Deux mariages et des emmerdements.

Griffin s’apprête à vivre deux années bien compliquées, Entre Joy son épouse qui ressent le besoin de s’éloigner, les cendres de son père qu’il doit disperser au Cap Cod mais qu‘il recule de faire indéfiniment et une mère envahissante, désagréable et cynique, cela fait beaucoup pour notre anti héros qui supporte tout ça sans se révolter. Alors que le premier mariage devient un déluge de catastrophes, le deuxième celui de sa fille Laura sonne celui des explications. D’autant que Maman Griffin à rejoint son ex-mari dans le coffre de la voiture en vue d’une dispersion commune.
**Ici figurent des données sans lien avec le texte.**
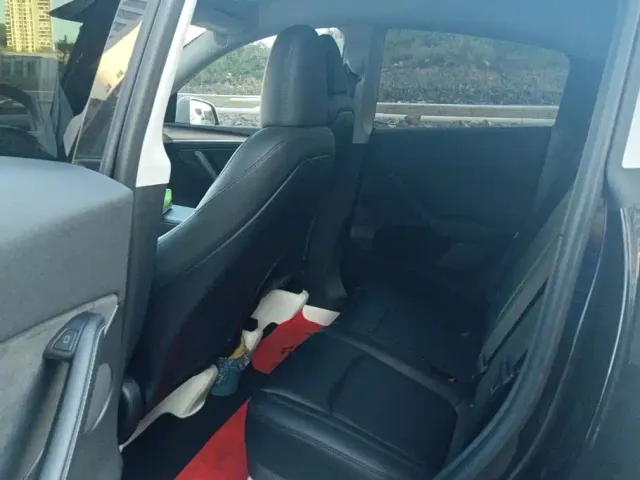 Tesla Model Y — Фото автомобиля 11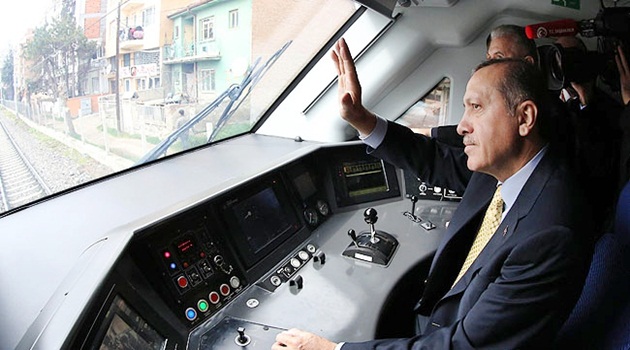 Eskişehir-Konya hızlı tren seferleri başladı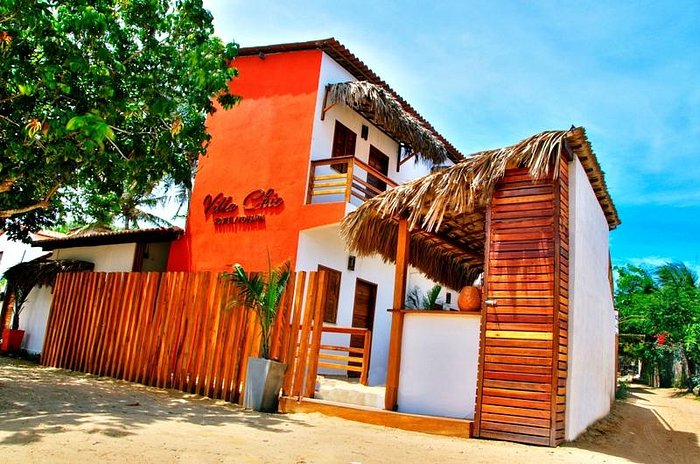 Hospedagem em Jericoacoara: Estilo no Villa Chic Hostel Pousada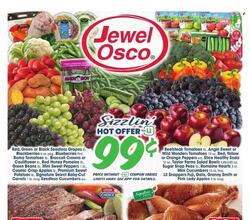 Jewel Osco Weekly Ad January 28 - February 3, 2026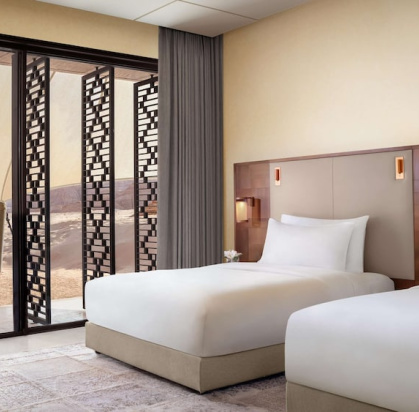 Hôtel Banyan Tree 5*, Séjour Arabie Saoudite par Ôvoyages Hôtel Banyan Tree 5*, Séjour Arabie Saoudite par Ôvoyages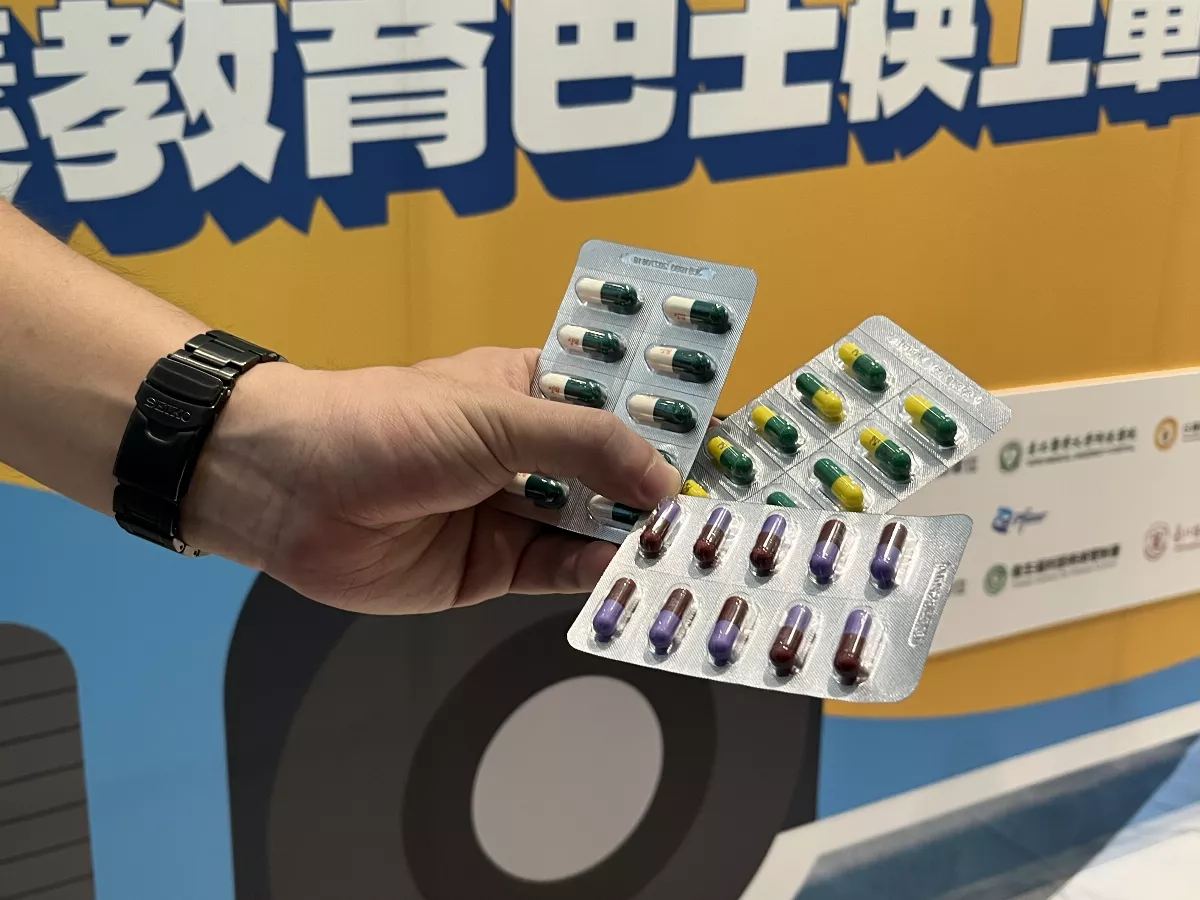 抗生素不是消炎藥 濫用恐免疫力下降、產生抗藥性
On retrouve tout ce qui fait le talent de Richard Russo. Entre humour vache et tendresse, une réflexion sur l’amour, sur le temps qui passe, sur les choix de vies. La lecture est toujours plaisante même si pour ma part mon attachement aux personnages c’est moins imposé qu’a l’accoutumée. Les incessants retours en arrière, pourtant essentiels m’ont empêché d’adhérer pleinement à son récit. Néanmoins, ça reste tout de même bien agréable, avec notamment une scène d’anthologie lors du deuxième mariage à ne pas rater. Drôle et cruel.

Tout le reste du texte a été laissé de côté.